_Assignment_
Take the entries below and print only the lines from the one with "Mugshot of JEFFERY" through the one with "SUBARU LEGACY 2001", exactly as they stand, both ends included.

_Source data_
Segment Open
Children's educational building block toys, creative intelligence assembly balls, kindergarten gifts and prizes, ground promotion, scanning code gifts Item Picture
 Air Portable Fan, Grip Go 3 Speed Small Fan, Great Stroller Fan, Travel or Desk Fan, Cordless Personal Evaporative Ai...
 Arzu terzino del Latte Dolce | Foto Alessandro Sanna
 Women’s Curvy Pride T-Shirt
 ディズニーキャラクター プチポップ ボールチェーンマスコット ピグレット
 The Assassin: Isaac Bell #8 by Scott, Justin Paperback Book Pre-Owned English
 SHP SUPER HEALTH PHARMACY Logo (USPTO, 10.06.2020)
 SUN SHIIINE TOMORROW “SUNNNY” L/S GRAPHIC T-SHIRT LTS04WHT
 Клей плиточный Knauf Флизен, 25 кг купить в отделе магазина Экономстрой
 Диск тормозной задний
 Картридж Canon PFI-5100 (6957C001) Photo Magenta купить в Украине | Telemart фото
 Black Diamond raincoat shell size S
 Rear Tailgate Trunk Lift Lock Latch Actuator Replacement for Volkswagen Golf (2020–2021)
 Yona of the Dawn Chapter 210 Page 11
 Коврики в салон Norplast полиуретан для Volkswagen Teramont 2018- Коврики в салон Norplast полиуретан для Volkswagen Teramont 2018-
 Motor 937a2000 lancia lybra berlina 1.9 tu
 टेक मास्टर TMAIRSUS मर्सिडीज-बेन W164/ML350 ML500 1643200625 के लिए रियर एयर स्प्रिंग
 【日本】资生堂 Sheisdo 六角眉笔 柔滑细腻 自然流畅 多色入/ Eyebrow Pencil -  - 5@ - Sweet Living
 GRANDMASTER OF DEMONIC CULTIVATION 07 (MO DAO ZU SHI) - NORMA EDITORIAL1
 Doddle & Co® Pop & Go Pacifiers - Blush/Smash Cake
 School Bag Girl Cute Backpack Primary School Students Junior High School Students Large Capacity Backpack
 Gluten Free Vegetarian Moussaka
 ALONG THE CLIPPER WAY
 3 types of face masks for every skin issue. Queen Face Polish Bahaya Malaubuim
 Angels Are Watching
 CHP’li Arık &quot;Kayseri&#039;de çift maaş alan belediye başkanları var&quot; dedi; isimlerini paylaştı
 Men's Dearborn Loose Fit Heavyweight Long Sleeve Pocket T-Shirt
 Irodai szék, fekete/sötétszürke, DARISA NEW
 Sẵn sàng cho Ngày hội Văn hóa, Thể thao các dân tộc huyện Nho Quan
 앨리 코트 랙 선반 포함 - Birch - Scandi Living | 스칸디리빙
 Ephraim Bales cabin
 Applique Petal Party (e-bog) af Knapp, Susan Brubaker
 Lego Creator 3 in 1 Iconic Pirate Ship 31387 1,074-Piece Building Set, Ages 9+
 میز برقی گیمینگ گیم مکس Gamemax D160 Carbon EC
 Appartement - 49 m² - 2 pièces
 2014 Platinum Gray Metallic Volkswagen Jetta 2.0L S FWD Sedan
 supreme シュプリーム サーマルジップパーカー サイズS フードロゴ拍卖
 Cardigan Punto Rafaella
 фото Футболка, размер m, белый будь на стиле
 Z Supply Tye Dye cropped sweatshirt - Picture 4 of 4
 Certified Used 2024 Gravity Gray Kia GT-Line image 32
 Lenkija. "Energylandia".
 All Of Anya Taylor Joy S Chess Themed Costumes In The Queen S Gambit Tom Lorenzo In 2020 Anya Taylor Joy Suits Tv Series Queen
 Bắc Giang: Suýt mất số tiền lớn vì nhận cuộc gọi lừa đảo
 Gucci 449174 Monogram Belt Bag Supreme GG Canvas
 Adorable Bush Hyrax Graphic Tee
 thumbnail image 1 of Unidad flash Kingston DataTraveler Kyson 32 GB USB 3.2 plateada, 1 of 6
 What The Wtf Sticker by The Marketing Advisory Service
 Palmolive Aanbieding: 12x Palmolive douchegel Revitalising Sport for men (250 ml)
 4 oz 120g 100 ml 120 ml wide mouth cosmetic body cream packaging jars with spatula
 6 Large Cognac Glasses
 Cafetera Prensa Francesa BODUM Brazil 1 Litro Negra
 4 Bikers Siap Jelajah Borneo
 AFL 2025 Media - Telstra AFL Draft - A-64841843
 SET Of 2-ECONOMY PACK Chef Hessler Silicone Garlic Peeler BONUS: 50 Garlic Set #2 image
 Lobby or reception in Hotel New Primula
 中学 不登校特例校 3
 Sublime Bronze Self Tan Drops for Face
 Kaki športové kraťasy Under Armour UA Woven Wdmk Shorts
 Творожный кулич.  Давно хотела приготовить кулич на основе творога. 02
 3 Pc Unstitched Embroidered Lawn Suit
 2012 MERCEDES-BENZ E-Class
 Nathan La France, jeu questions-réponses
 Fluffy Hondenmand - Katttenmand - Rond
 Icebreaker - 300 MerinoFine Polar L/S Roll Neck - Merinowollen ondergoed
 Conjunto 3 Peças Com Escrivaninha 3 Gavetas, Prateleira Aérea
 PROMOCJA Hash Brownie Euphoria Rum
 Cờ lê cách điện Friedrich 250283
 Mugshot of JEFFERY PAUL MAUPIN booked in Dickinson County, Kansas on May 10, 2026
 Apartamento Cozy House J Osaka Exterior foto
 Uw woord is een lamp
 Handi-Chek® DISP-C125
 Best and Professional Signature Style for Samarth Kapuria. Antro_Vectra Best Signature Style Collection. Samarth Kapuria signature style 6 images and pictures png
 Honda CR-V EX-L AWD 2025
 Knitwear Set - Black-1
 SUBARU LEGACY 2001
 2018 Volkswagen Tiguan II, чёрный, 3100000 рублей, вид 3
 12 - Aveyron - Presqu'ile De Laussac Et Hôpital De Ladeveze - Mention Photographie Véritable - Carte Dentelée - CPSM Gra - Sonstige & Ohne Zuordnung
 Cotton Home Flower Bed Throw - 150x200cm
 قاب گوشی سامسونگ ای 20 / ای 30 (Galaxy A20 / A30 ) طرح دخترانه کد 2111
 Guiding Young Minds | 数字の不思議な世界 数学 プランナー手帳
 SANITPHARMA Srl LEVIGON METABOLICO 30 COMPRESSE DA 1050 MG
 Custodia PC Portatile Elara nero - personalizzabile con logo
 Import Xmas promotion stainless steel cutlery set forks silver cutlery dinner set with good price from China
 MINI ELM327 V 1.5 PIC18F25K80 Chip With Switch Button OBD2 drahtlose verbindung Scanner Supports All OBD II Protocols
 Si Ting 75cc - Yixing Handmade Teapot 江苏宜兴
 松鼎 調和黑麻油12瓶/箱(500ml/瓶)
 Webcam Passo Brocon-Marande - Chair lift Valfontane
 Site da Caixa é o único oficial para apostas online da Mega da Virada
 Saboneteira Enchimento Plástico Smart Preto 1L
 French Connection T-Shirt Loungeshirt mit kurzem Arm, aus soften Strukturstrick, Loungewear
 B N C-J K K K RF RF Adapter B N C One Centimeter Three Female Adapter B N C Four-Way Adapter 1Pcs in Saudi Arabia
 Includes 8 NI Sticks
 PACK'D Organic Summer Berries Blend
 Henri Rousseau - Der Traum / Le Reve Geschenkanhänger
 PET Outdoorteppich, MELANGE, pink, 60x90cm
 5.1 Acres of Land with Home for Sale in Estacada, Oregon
Segment Closed
_The answer_
 Mugshot of JEFFERY PAUL MAUPIN booked in Dickinson County, Kansas on May 10, 2026
 Apartamento Cozy House J Osaka Exterior foto
 Uw woord is een lamp
 Handi-Chek® DISP-C125
 Best and Professional Signature Style for Samarth Kapuria. Antro_Vectra Best Signature Style Collection. Samarth Kapuria signature style 6 images and pictures png
 Honda CR-V EX-L AWD 2025
 Knitwear Set - Black-1
 SUBARU LEGACY 2001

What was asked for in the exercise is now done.